The Volokh Conspiracy

Mostly law professors | Sometimes contrarian | Often libertarian | Always independent

Politics

"Viability" in Lucas v. South Carolina Coastal Council and Planned Parenthood v. Casey

Justice Blackmun: "Viable is a good medical term, it isn't a legal term, but the lawyers have taken it over and the judges too."

|

Lucas v. South Carolina Coastal Council held that the government must provide compensation if a regulation deprives the owner of all "economically viable use" of his property. Lucas was argued on March 2, 1992 and Justice Scalia handed down the majority opinion on June 29, 1992. Here is a colloquy from that argument:

JUSTICE BLACKMUN: We're throwing around the term no economic viability of this property. . . . Viable is a good medical term, it isn't a legal term, but the lawyers have taken it over and the judges too. What do you mean by economic viability? . . .

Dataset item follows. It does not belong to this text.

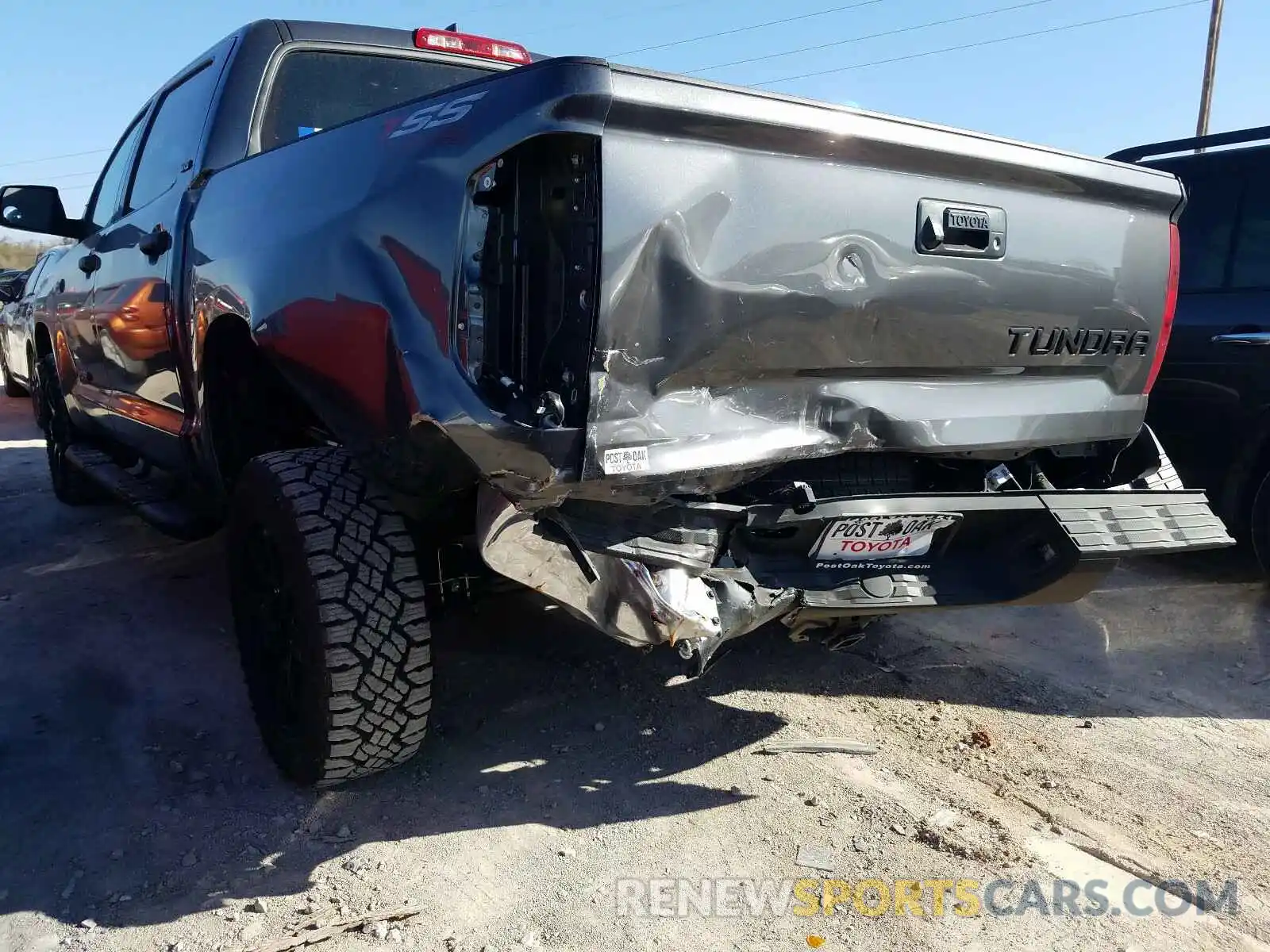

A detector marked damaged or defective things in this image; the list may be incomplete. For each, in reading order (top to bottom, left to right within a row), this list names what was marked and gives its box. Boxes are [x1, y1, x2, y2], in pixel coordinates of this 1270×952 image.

MR LEWIS: So I think when you go down and you take a piece of property from uses down to no uses and from $1 million down to $0, you have a taking under our Constitution regardless of what--

JUSTICE BLACKMUN: That's hardly the medical definition of an old-time term of being viable.

Viability was apparently on Justice Blackmun's mind in Lucas. With good reason.

Planned Parenthood v. Casey was argued the following month on April 22, 1992, and was decided on June 29, 1992. And we know all-too-well that the Casey plurality adopted the viability line as part of the undue burden framework. (Well, everyone but Chief Justice Roberts, at least.)

I had never connected that two Supreme Court decisions, decided on the day, both turned on the concept of viability. In Lucas, the majority opinion per Justice Scalia, concluded that "viability" was a useful line for the Takings Clause; in dissent, Justice Blackmun thought "viability" was not a useful line. Meanwhile, in Casey, the plurality relied on the "viability" line, while the dissenters rejected this line. Of course, economic viability and fetal viability are very different concepts. Still, there is some disconnect.

Finally, Justice Blackmun's dissent in Lucas includes this sentence:

There is nothing magical in the reasoning of judges long dead.

Such a sentence is apiece with another claim Justice Blackmun wrote on June 29, 1992:

I am 83 years old. I cannot remain on this Court forever, and when I do step down, the confirmation process for my successor well may focus on the issue before us today.

Justice Blackmun likely missed the disconnect here as well.